Output only the lines below from the one holding "X0000087611275200705181248" down to the one holding "Casa Niculitel langa Bazilica", both end lines included and every picture dropped.
[SUPPLIED INFORMATION Boundary: Start]
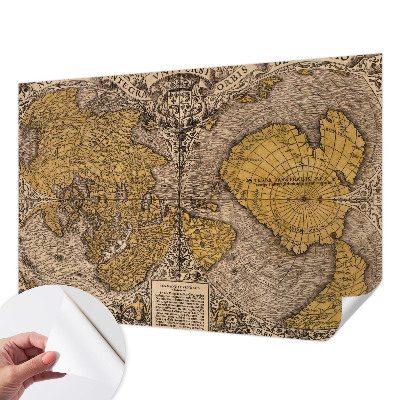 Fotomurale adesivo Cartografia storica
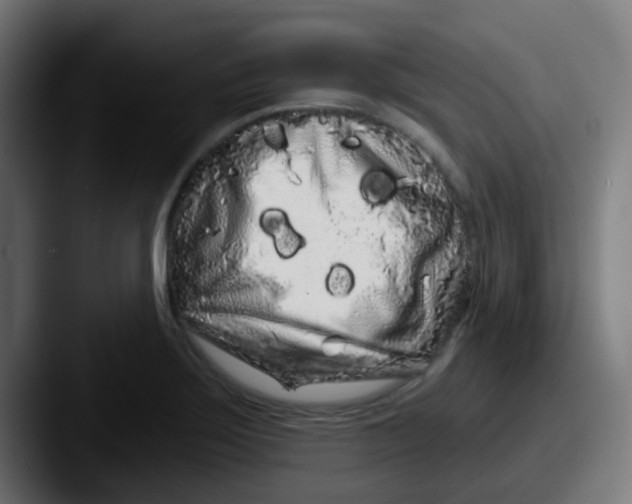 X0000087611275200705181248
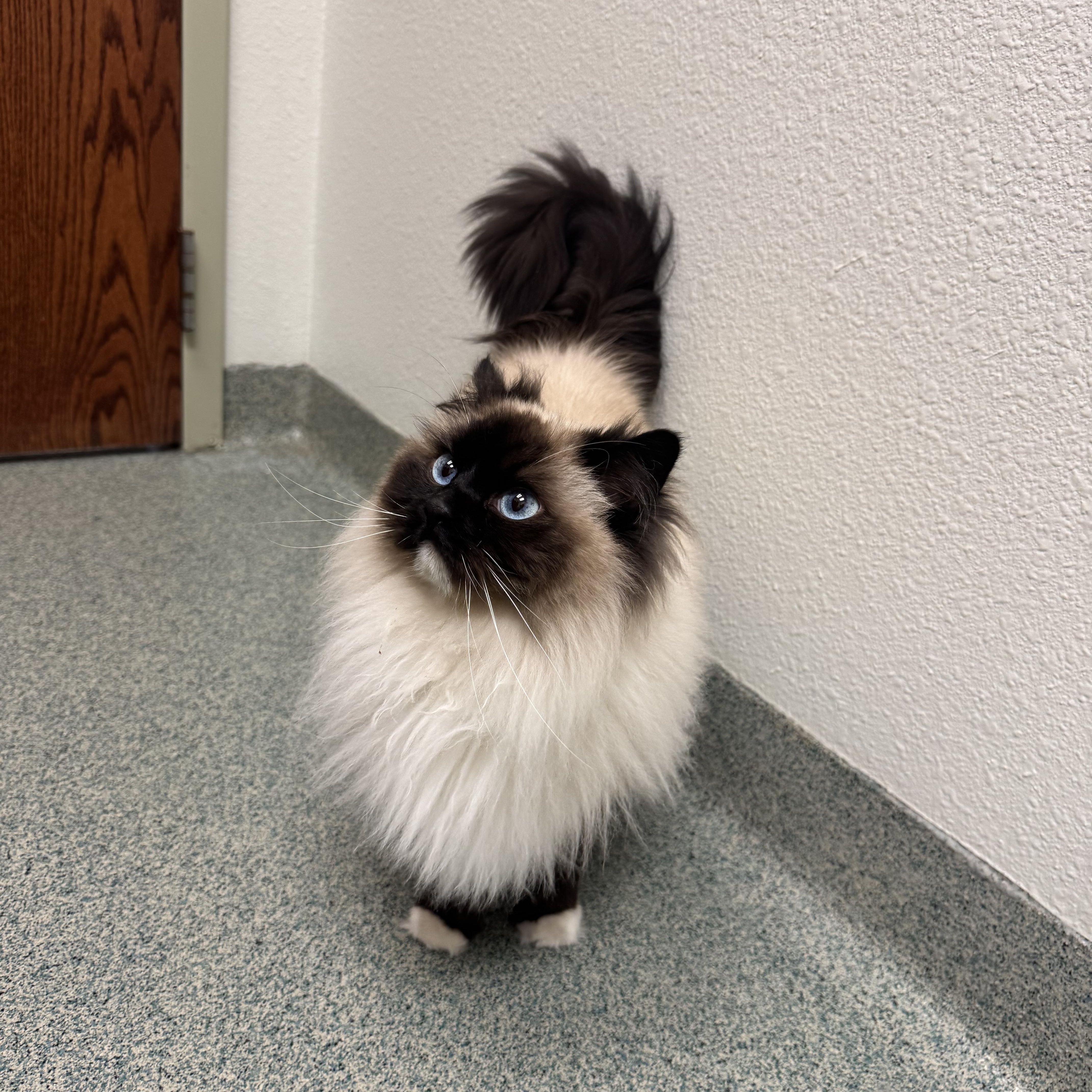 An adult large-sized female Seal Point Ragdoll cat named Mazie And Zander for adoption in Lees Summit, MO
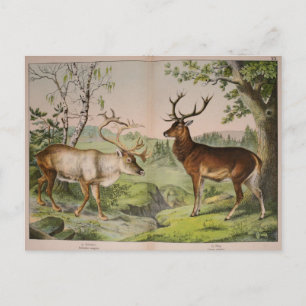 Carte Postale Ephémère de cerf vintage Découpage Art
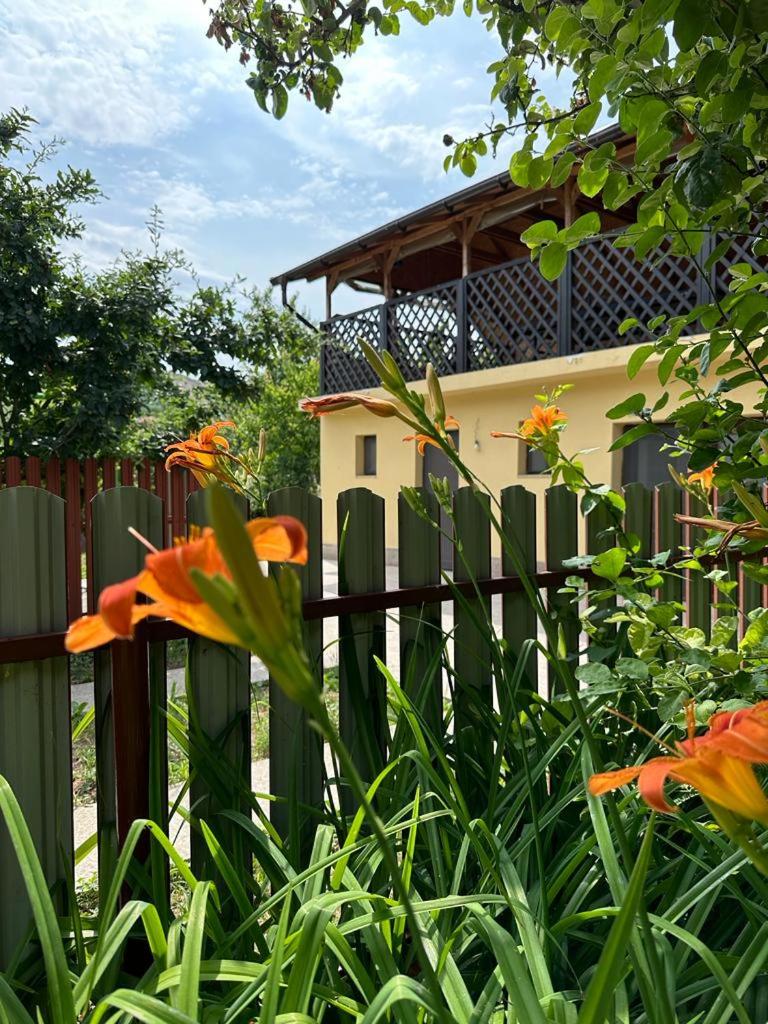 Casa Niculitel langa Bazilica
[SUPPLIED INFORMATION Boundary: End]
[SUPPLIED INFORMATION Boundary: Start]
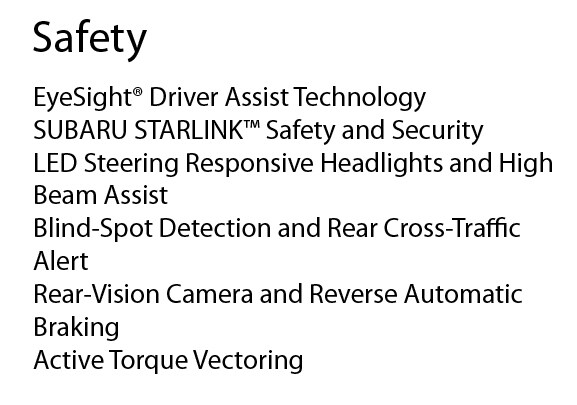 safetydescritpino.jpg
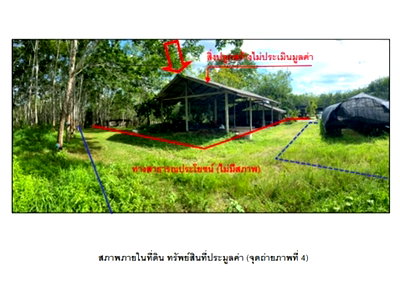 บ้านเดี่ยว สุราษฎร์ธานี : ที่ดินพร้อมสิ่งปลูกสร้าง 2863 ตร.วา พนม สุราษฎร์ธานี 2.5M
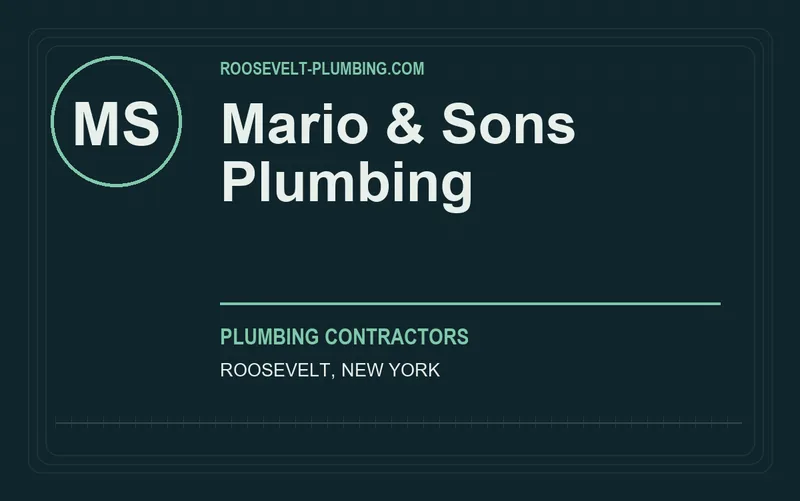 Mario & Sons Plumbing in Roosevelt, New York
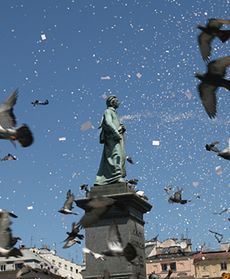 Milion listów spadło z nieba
[SUPPLIED INFORMATION Boundary: End]
[SUPPLIED INFORMATION Boundary: Start]
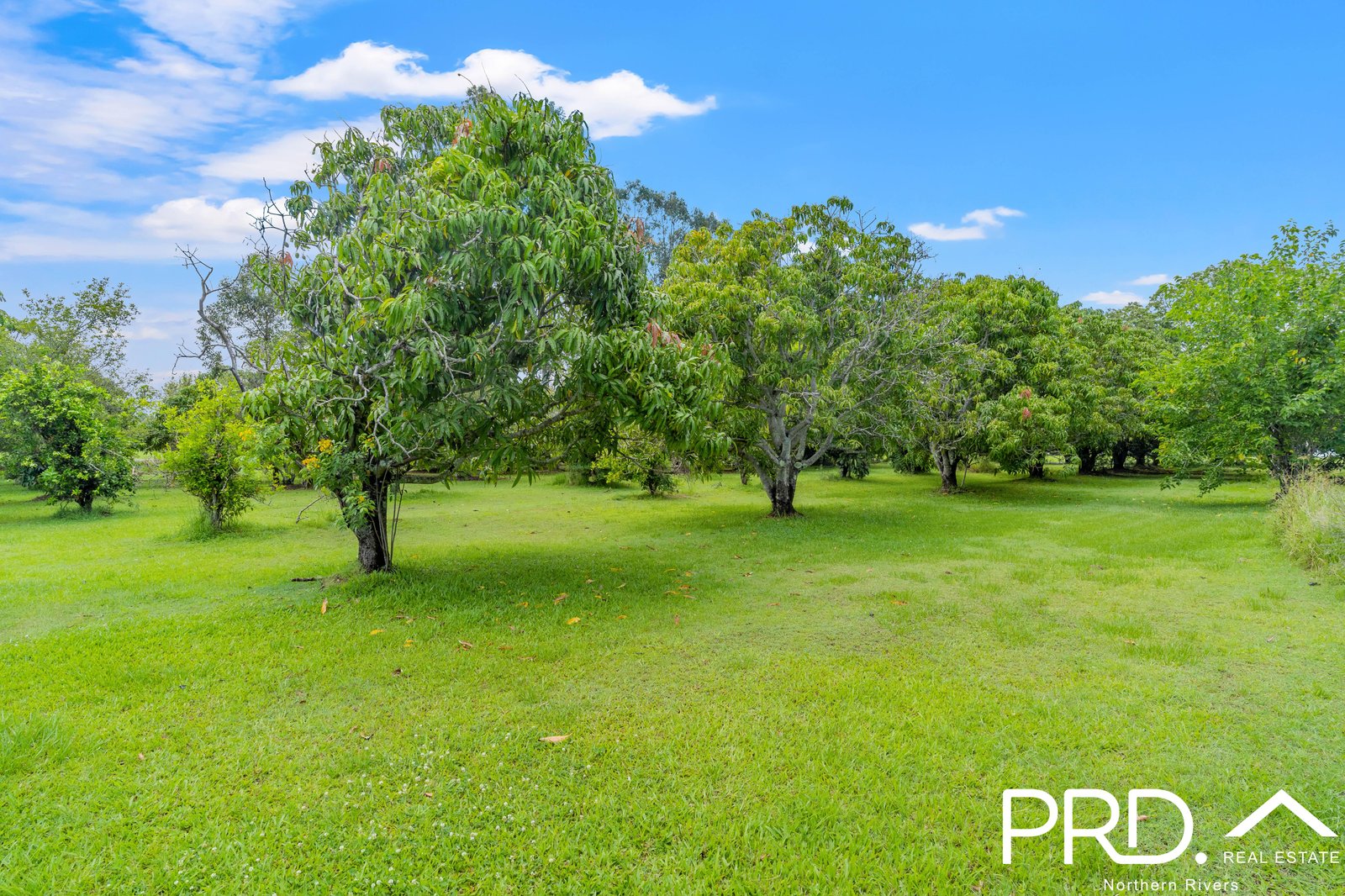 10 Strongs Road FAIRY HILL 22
[SUPPLIED INFORMATION Boundary: End]
### YOUR RESPONSE
 X0000087611275200705181248
 An adult large-sized female Seal Point Ragdoll cat named Mazie And Zander for adoption in Lees Summit, MO
 Carte Postale Ephémère de cerf vintage Découpage Art
 Casa Niculitel langa Bazilica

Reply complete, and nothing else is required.